A-t-on précisé qu’avant le Geiq, c’est sur les bancs de la chambre d’agriculture que Sophie Merlier a pris l’habitude de s’asseoir, élue parce qu’identifiée par ses racines maternelles ? « Pour découvrir les sujets dans leur globalité » et pas seulement d’un point de vue fermo-centré, c’est essentiel pour celle qui fonctionne en écosystème. C’est pour ça qu’elle aime tant avoir différentes casquettes : « Pour faire du lien entre les sujets, rebondir de l’un à l’autre », exprime celle qui est aussi présidente de la caisse locale du Crédit Agricole à Bapaume et, depuis 2015, conseillère régionale dans le groupe de la majorité Les Républicains et apparentés.

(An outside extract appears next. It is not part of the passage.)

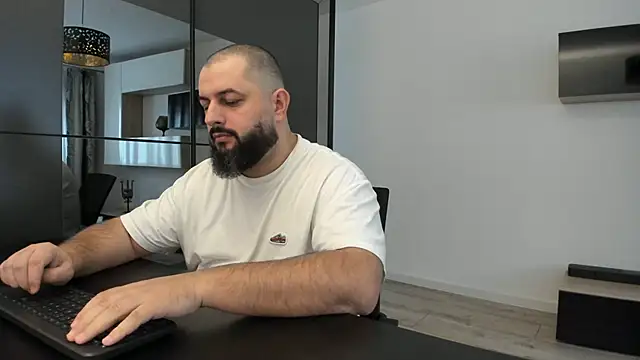 Snapshot of DravenPeak chatting on October 18, 11:11 am DravenPeak online show from October 18, 11:11 am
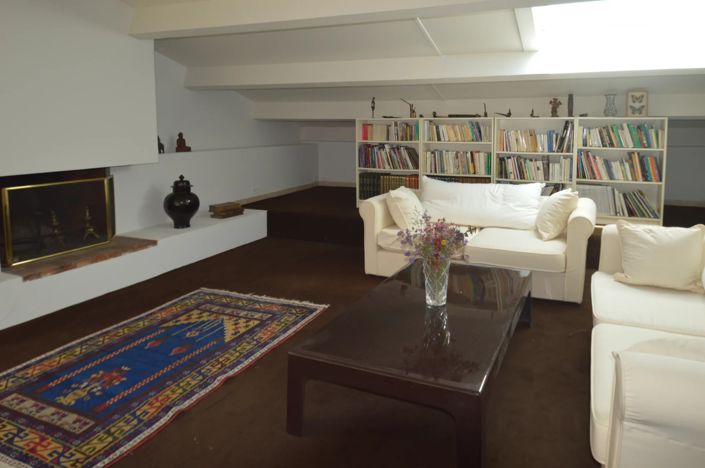 Image No.11-4 Bed Property for sale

« Pas militante, encartée pour l’occasion, j’ai accepté pour faire du lien encore une fois », explique Sophie Merlier, saluant au passage la parité sans laquelle « beaucoup d’hommes auraient rêvé d’être à sa place ». Une casquette de plus pour peser, à sa petite mesure – elle n’est pas vice-présidente ni même présidente d’une commission – sur les sujets liés à l’agriculture, what else, et aux lycées. « J’aurais aimé siéger dans la commission des transports, ou des PME et de la formation mais c’était pris », regrette à peine celle qui apprend doucement qu’on ne peut pas tout faire. C’est pour ça qu’elle a attendu, presque sagement, que les réunions parents-profs de ses quatre enfants soient derrière elle avant de multiplier les engagements. Sans se poser de questions.